Our students are overflowing with talent. Some of these talents come out in their classwork and co-curriculars, but many do not and those are just too good to pass up without enjoying. For that reason, our Experimentory Talent Show has been a highlight of our program two years running. Proctor Kento Yamamoto shares some of his favorite parts of this year’s show.
Experimentory classes are fascinating, but taking a day off isn’t a bad idea either. This Saturday we had “Deerfield Day” which included hiking up to The Rock, walking to Richardson’s Candy Kitchen, climbing Sugarloaf Mountain, visiting the Yankee Candle Store, and more. (Marisa will talk about these more in-depth in her Day 15 blog post – stay tuned.)
But for me, the frosting on the cake was the Experimentory Talent Show on Saturday evening. I had gone into the Concert Hall thinking that the show would be primarily musical acts since that is often the case at DA’s once-a-term talent showcases. But I was wrong! William was our Hula-Hooping Rubik’s cube wizard, Cami was a rap-contortionist, Tysean drew a picture of Max, and several Experimentors shared told cheesy jokes. Of course, we had musical geniuses who performed a wide genre of music – classical, rock, hip-hop, indie, and even some electronic music.
There were three acts that blew my mind in particular. William – my competitor in Rubik’s Cube speed-solving earlier in the week – solved his Rubik’s Cube yet again, only this time while hula-hooping. Cami rapped Macklemore’s “Can’t Hold Us” while bending and manipulating her body in ways that only the brave would dare.
I enjoyed these two acts because they had combined two talents that were totally unrelated into one beautiful piece of art. This totally fits with the Experimentory’s interdisciplinary educational environment. After thinking of ways to combine subjects such as theater and electronics, it only seems right to do so in the talent show as well.
The third act that had surprised me was the last act of the night: a band! Around eight students took to the stage and performed Vance Joy’s “Riptide.” The band included a piano, an acoustic guitar, vocalists, and percussion instruments including drums, rhythm sticks and tambourines.

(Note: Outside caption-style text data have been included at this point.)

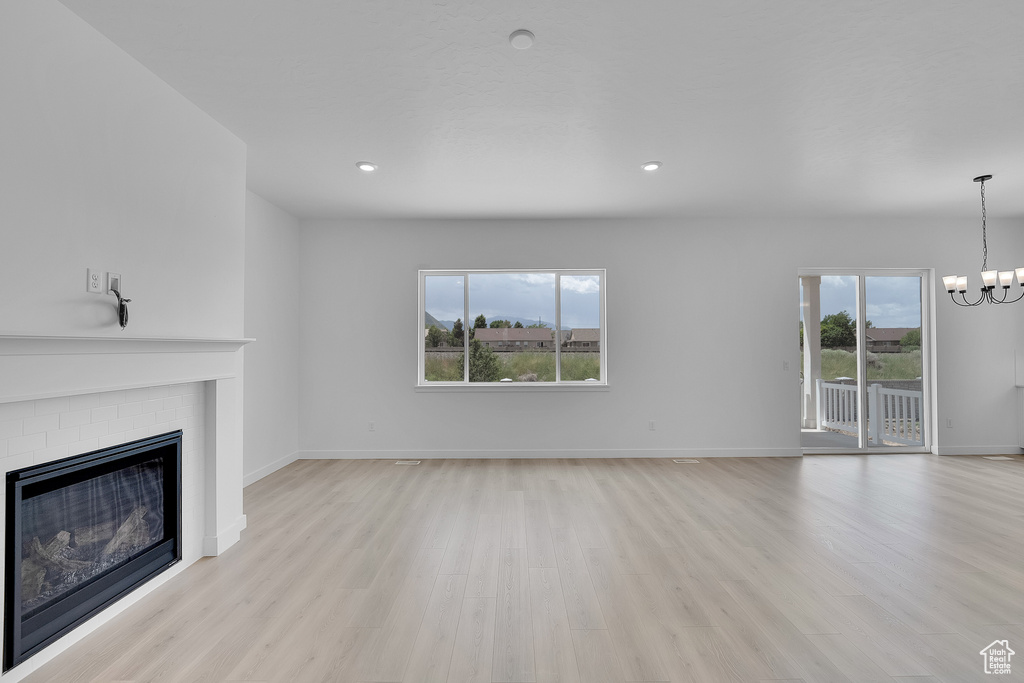 Unfurnished living room featuring a chandelier, light wood-type flooring, a fireplace, baseboards, and recessed lighting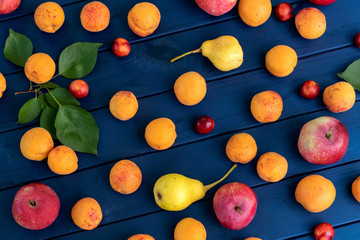 Fresh fruits on blue wooden background. Top view.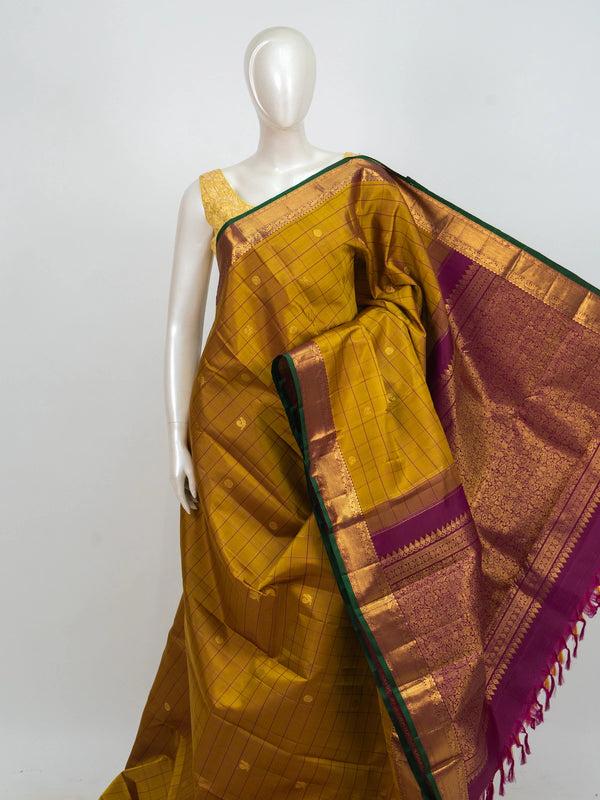 Mustard yellow pure Kanchipuram silk saree with checked body, gold zari buttas and contrast magenta zari border and pallu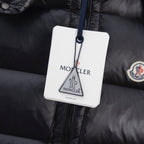 Black puffer vest fabric close-up with circular Moncler logo patch and tag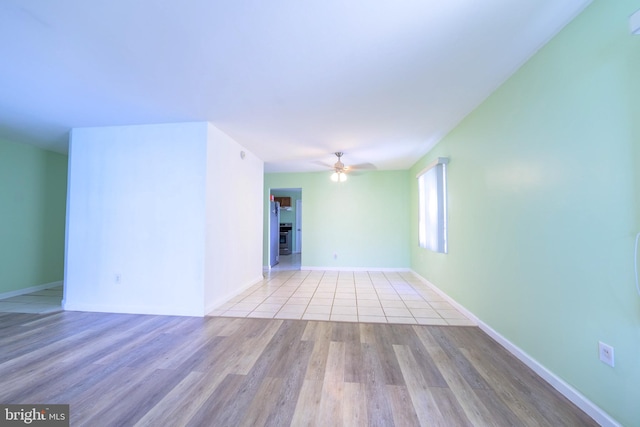 unfurnished room with ceiling fan and light wood-type flooring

|Scott and the Band’s rendition of “Riptide.”|
Their execution of the song was as good as some of the performances that I have seen by Deerfield students – it was unbelievable. Amber, Anne and Aerin harmonized beautifully on their vocals; Scott and Sami were hitting each others’ rhythm sticks on beat; Amethyst and Amelia played piano and guitar with such ease it seemed casual; and Max killed it on the drums. What was the most surprising to me was the level of execution they had achieved given that they only had two or three opportunities to practice with each other before the show. It was amazing – the best and only way to end the show and a great day.